Recommended Open Agent style: each YAML fragment uses type + config. Pass the parsed dict per call to validate_task_output(output, fragment); legacy shapes (nested response_contract, or plain applies_to + rules) still work unchanged.

Response / schema

- name: response_schema_v1
  type: response_contract
  description: "Expected task JSON shape"
  config:
    output_format:
      type: object
      required_fields: [summary, checklist]

Content rules (e.g. checklist)

- name: no_generic_checklist_items
  type: content_contract
  description: "Tighten checklist items"
  applies_to: checklist
  config:
    rules:
      - type: must_contain_action_verb
      - type: min_word_count
        value: 5
      - type: must_not_start_with
        values: [consider, think about, understand]
from behavioural_contracts import validate_task_output, normalize_task_contract_fragment

# validate_task_output normalizes declarative fragments automatically
validate_task_output(task_output_dict, fragment_dict)

# Optional: normalize a whole list before looping
for frag in map(normalize_task_contract_fragment, fragments):
    ...

Severity and structured results (validate_task_output_detailed)

Optional per-fragment severity: low | medium | high (case-insensitive). Omitted or invalid values default to medium.

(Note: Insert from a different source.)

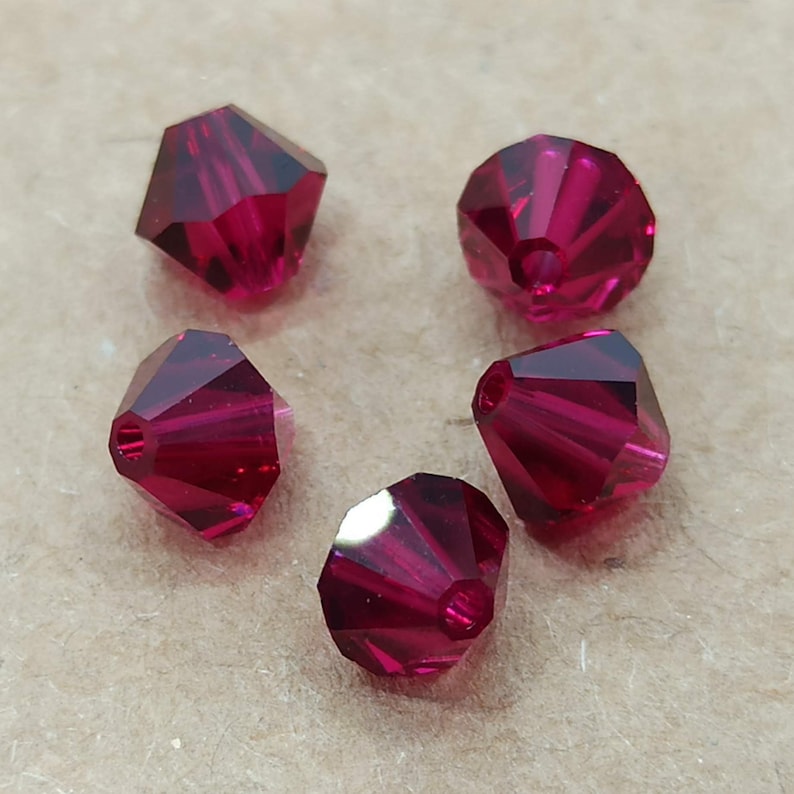 May include: Five faceted, ruby red, glass beads with a hole in the center for stringing.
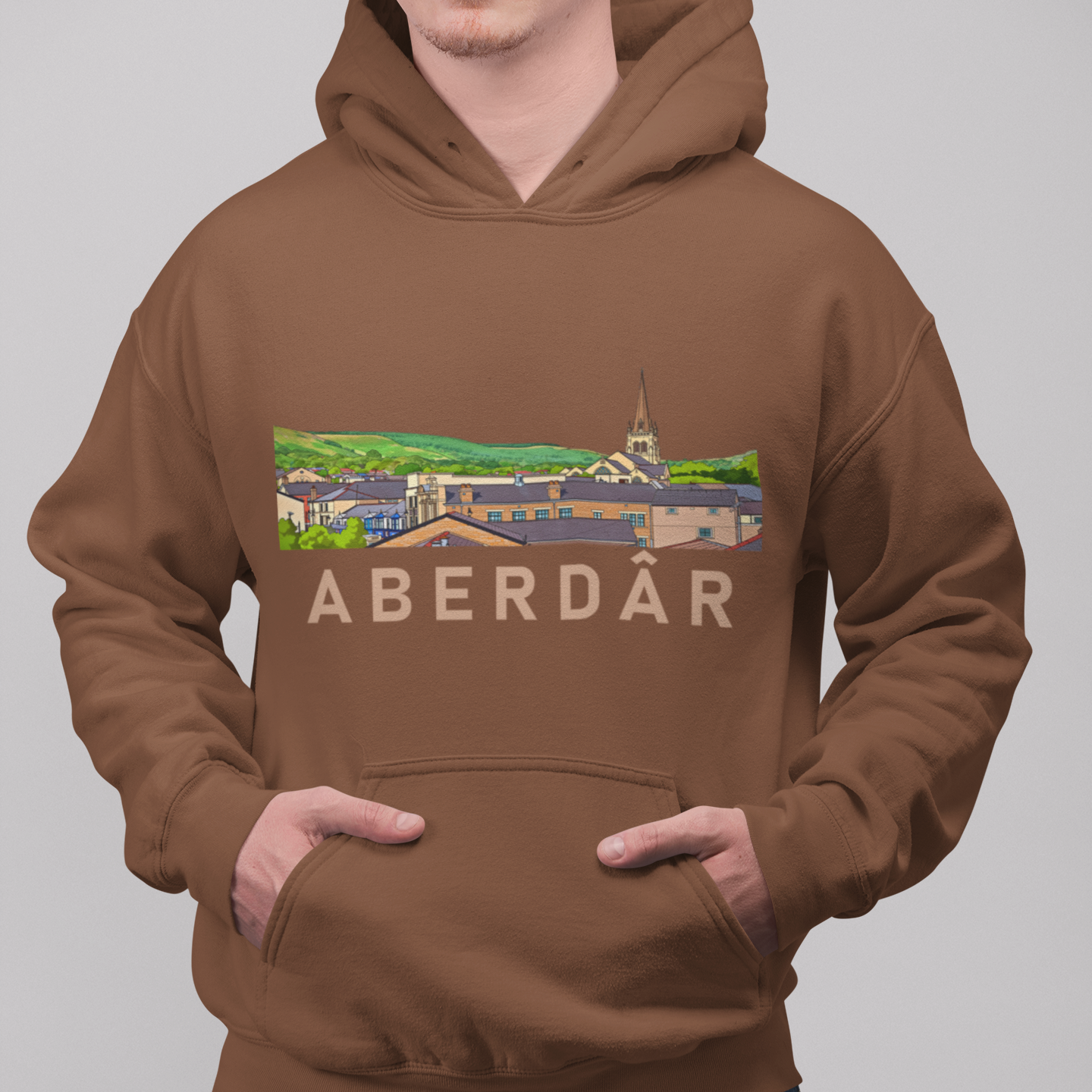 A man wearing a brown pullover hoodie with a colorful graphic of a town and the text 'ABERDÁR' across the chest, paired with blue jeans, against a solid gray background.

Set on the YAML/dict root next to name (declarative or legacy fragment).

Use validate_task_output_detailed(output, spec) when you need one JSON-serializable row per validation unit (schema row + each applies_to: checklist fragment). validate_task_output runs the same checks, evaluates all units, then raises BehaviouralContractViolationError with a short summary if any row failed—use it for strict pipelines; use the detailed API for bce.validated / bce.violation style logs.

Example return value (abridged):

[
  {
    "contract": "__response_schema__",
    "status": "ok",
    "severity": "medium",
    "violations": []
  },
  {
    "contract": "no_generic_checklist_items",
    "status": "fail",
    "severity": "high",
    "violations": [
      {
        "rule_type": "min_word_count",
        "rule": "min_word_count",
        "message": "Checklist item [0] rule min_word_count: need at least 5 words, got 2",
        "item_index": 0,
        "path": "checklist",
        "detail": {"payload": 5},
        "severity": "high"
      }
    ]
  }
]

Example log line for integrators:

bce.violation contract=no_generic_checklist_items severity=high rule=min_word_count idx=0 msg="need at least 5 words, got 2"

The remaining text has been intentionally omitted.